I say this after a conversation about the book with a female friend who said that she found the book rather repetitive: each chapter—excellent in isolation—drills home the same central idea over and over and over again: that there is a systematic gender data gap that not only inconveniences women, but actually kills them.

I observed that repetition into submission is exactly what men will need before they’ll get the message.

I imagine that a lot of women will find Perez’s barrage of statistics tremendously validating, but I don’t think many women will be surprised to learn that, globally, females do twice the unpaid childcare work and four times the unpaid housework compared to their male counterparts.

Nor will it comes as a surprise to women that this unpaid care work, irrefutably essential for the smooth running of society, is not accounted for when designing transport systems, workplaces and public services. Bus routes that don’t connect the places women need to go, insufficient and poorly paid care leave, a tax regime that penalises women’s economic activity.

None of this will come as a surprise to any human woman—and that’s kind of the point of the book.

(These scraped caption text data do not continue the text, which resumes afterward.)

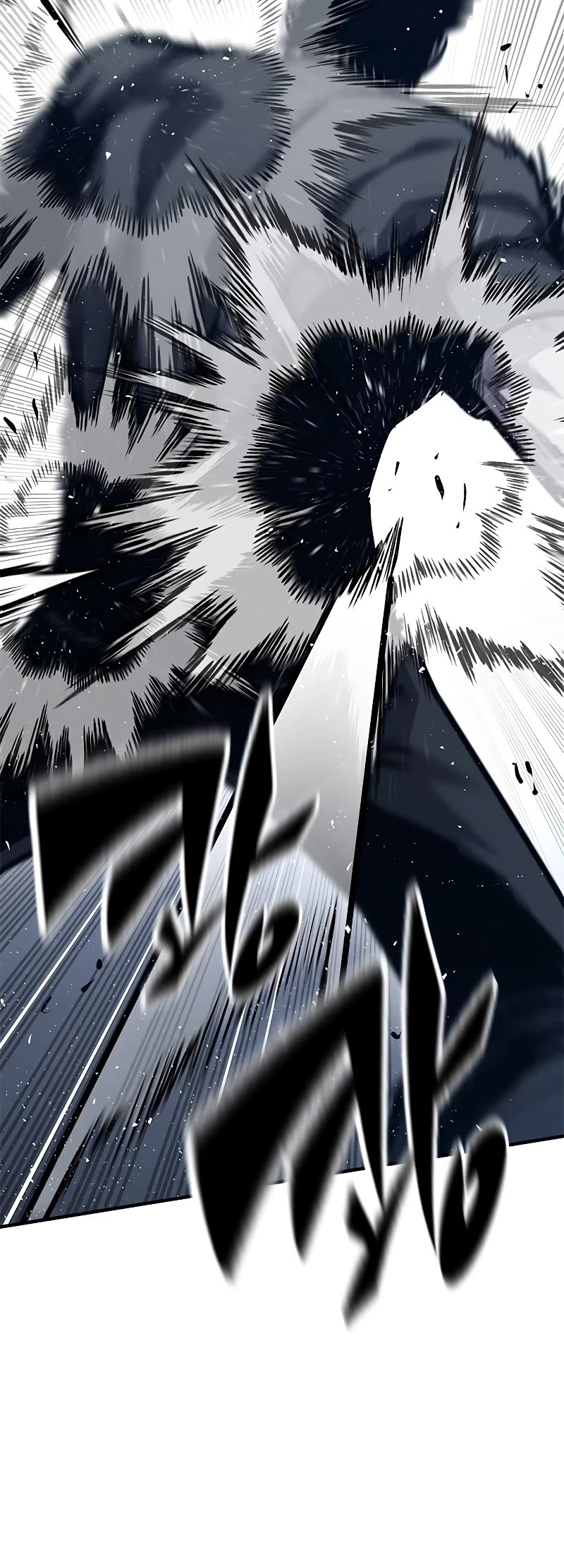 Hectopascal chapter 41 page 68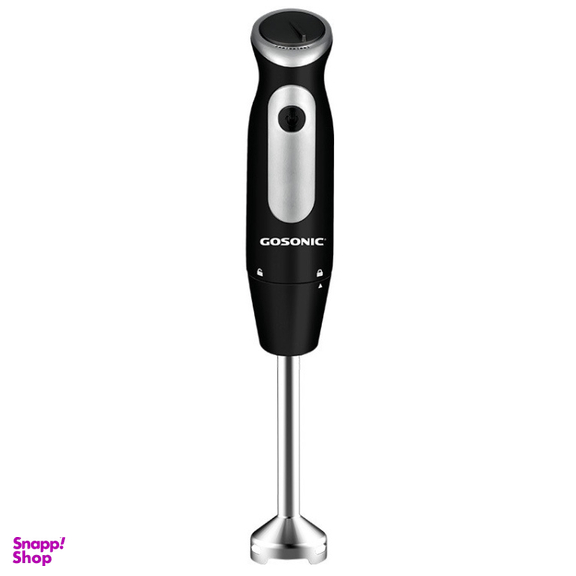 گوشتکوب برقی گوسونیک مدل 825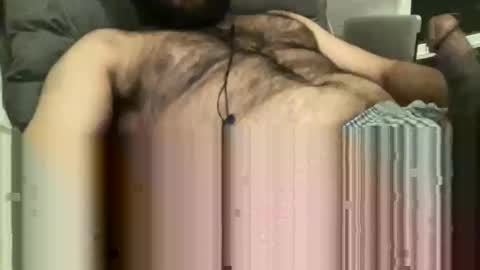 Snapshot of casanovacasaa chatting on February 26, 10:07 pm casanovacasaa online show from February 26, 10:07 pm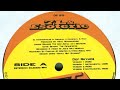 7L & Esoteric - Def Rhymes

The gender data gap is there because fifty percent of data isn’t collected and fifty percent of stories aren’t told. The pervasive ‘default male’ approach scientific research, product design, news media and the arts means that, most often, women simply aren’t consulted.

I could rant on, but I’ll leave you with one powerful contrast that nimbly demonstrates the yawning gap between women’s experience and the design of our societies.

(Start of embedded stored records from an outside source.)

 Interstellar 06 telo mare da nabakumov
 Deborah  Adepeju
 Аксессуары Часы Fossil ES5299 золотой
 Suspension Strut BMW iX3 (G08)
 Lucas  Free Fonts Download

‘Staring, touching, groping, ejaculation, exposing genitalia and full rape’: women get sexually harassed on public transport. A lot. A 2016 survey of 6,000 French women found that 90 percent had been victims of sexual harassment while travelling on public transport.

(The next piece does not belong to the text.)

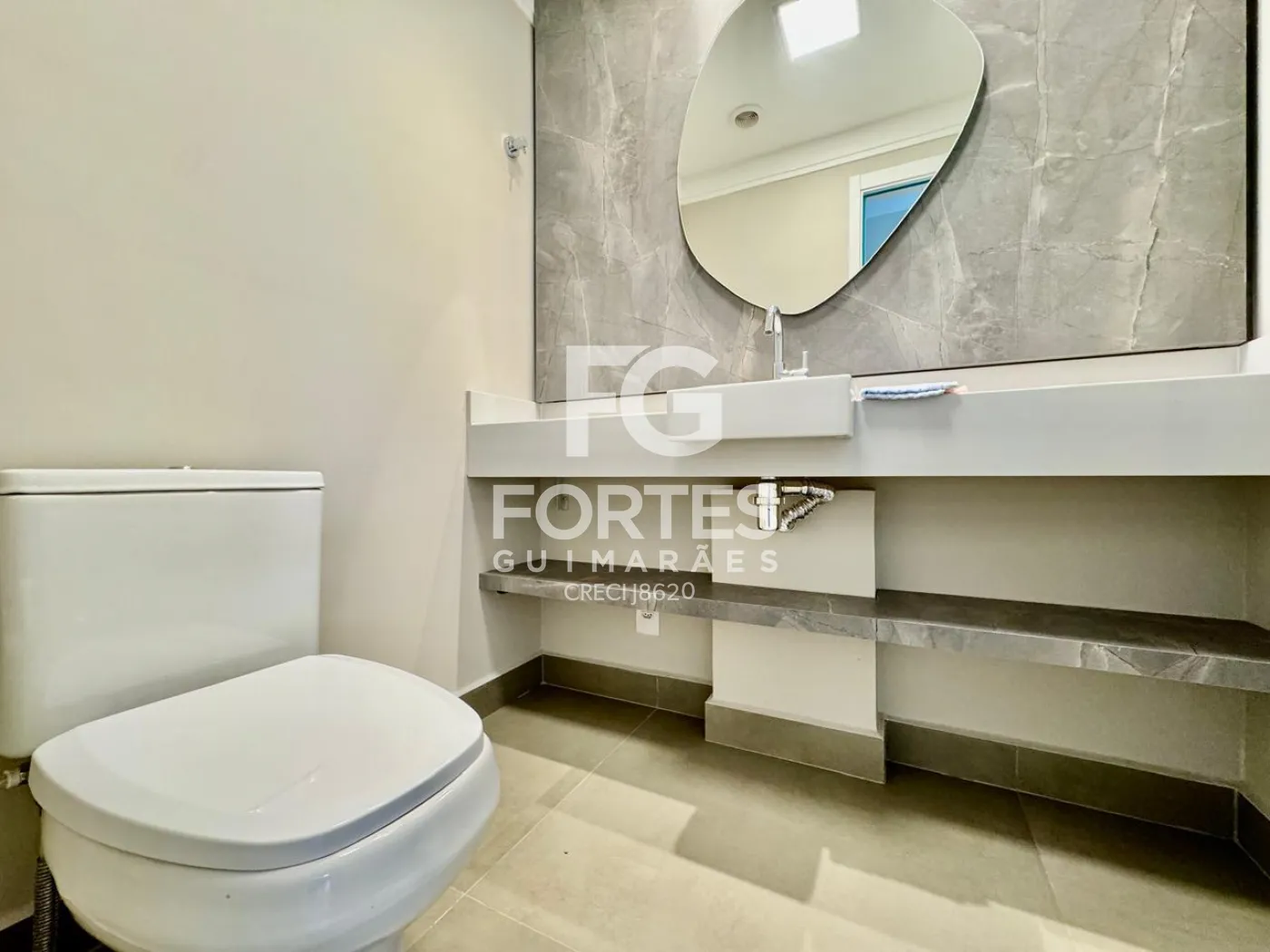 Alugar Apartamentos / Padr&atilde;o em Ribeir&atilde;o Preto R$ 17.900,00 - Foto 37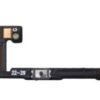 ON OFF VOLUME FLEX FOR INFINIX X6517 VOL wholesale b2b wolesale.com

From conversations with female friends, I knew that men had a serious problem with sexual violence on public transport, but I had never truly grasped the extent of our problem. I’m beginning to now.

The powerful contrast that Perez draws is this: although I’m better informed about sexual violence against women on public transport, I still have no idea how to go about reporting this criminal behaviour. For a violation so serious and affecting so many people, I have never once seen any public information posters or heard any announcements telling victims and witnesses what to do.

This lack of clear information goes part way to explaining why, according to Transport for London’s estimates, ‘90% of unwanted sexual behaviour on London transport goes unreported’.

On the other hand, as Perez points out:

Most authorities seem to have managed to install clear signage about what to do in the event of spotting a suspicious package.

In the case of the UK’s ‘See it, say it, sort it’ anti-terrorism campaign, with its frequent loud announcements at every train station and on every train, it’s almost impossible to evade knowledge of what to do.

I would love to compare the number of victims of sexual violence with the number of victims of terrorist attacks on public transport over the past ten years. But I can’t because one of those statistics only affects women and thus isn’t properly collected.

Rather than terrifying the populace about the occasional abandoned backpack, our society would be much better served by public information campaigns that aim to eliminate the constant daily abuse suffered by half our population.

Tonight is World Book Night. Men: do yourself a favour and buy Invisible Women.

~

Thanks to G.C. and N.C. for the inspiration.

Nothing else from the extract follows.